The issue between the parties which the Commission has been asked to determine is whether Mr Crawford was dismissed by JRK. The dictionary at clause 12 of the FW Act refers to section 386 for the definition of “dismissed”.
Section 386 of the FW Act provides:
386 Meaning of dismissed
(1) A person has been dismissed if:
(a) the person’s employment with his or her employer has been terminated on the employer’s initiative; or
(b) the person has resigned from his or her employment, but was forced to do so because of conduct, or a course of conduct, engaged in by his or her employer.

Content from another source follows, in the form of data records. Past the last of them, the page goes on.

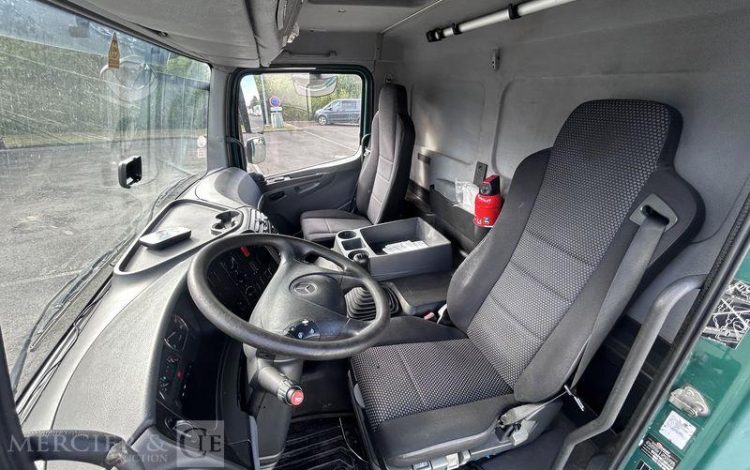 MERCEDES AXOR 1829 VERT BQ-177-RF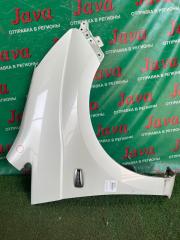 Крыло правое переднее TOYOTA ISIS ZGM10 2ZR-FAE 53801-44060 1 ракурс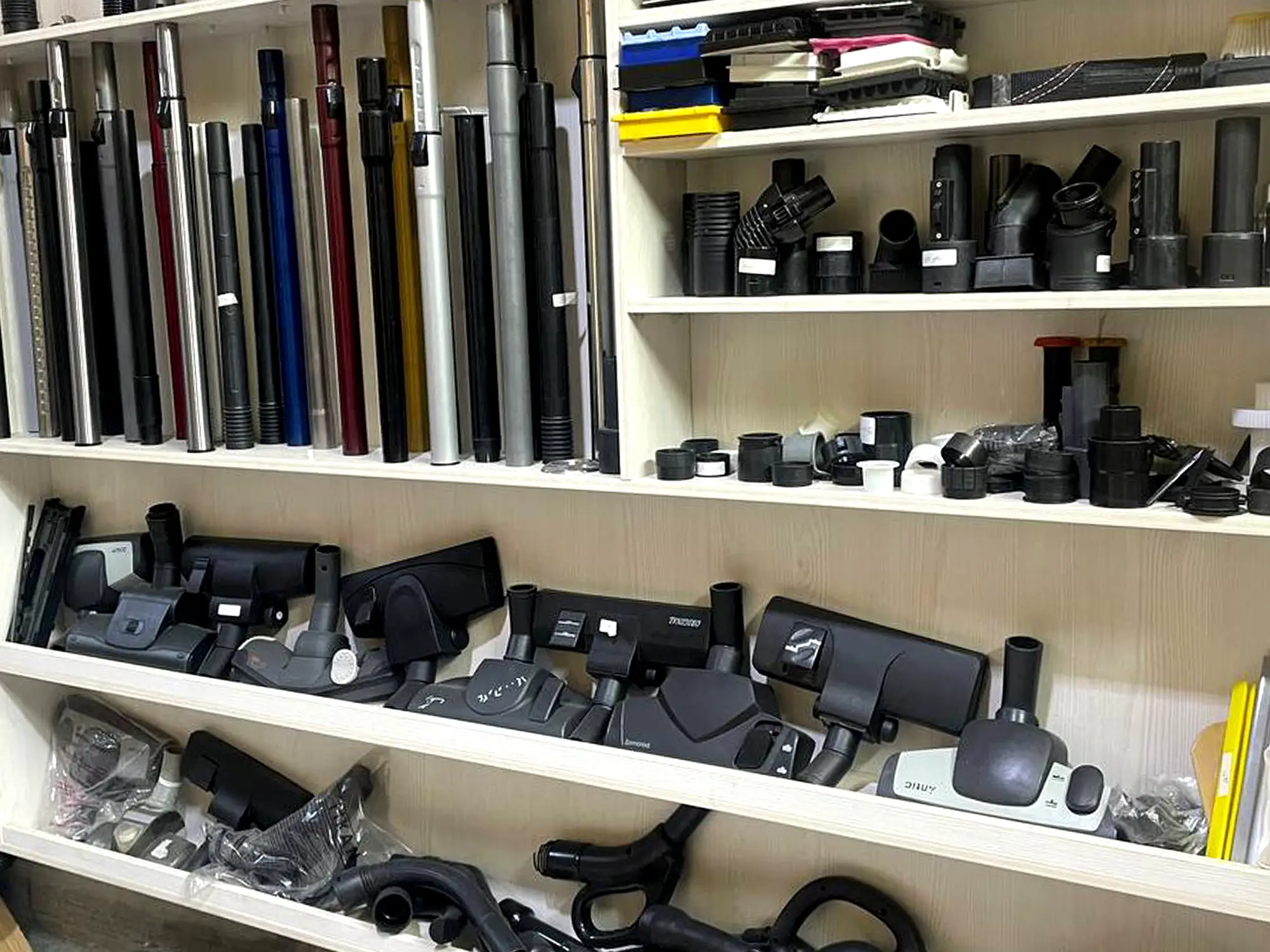 لوازم جانبی جاروبرقی - vacuum cleaner accessories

(2) However, a person has not been dismissed if:
(a) the person was employed under a contract of employment for a specified period of time, for a specified task, or for the duration of a specified season, and the employment has terminated at the end of the period, on completion of the task, or at the end of the season; or
(b) the person was an employee:
(i) to whom a training arrangement applied; and
(ii) whose employment was for a specified period of time or was, for any reason, limited to the duration of the training arrangement;
and the employment has terminated at the end of the training arrangement; or
(c) the person was demoted in employment but:
(i) the demotion does not involve a significant reduction in his or her remuneration or duties; and
(ii) he or she remains employed with the employer that effected the demotion.
(3) Subsection (2) does not apply to a person employed under a contract of a kind referred to in paragraph (2)(a) if a substantial purpose of the employment of the person under a contract of that kind is, or was at the time of the person’s employment, to avoid the employer’s obligations under this Part.
Consideration
Mr Crawford alleged that he was terminated by JRK because he identified that he was paid below the current enterprise agreement which applied to his substantive employment with JRK. However, this claim cannot be determined until the Commission deals with the matter under s.368, and only if the Commission issues a certificate of attempted conciliation under s.368(3). Under s.368, the Commission may deal with the matter in numerous ways including by mediation or conciliation, or by making a recommendation or expressing an opinion.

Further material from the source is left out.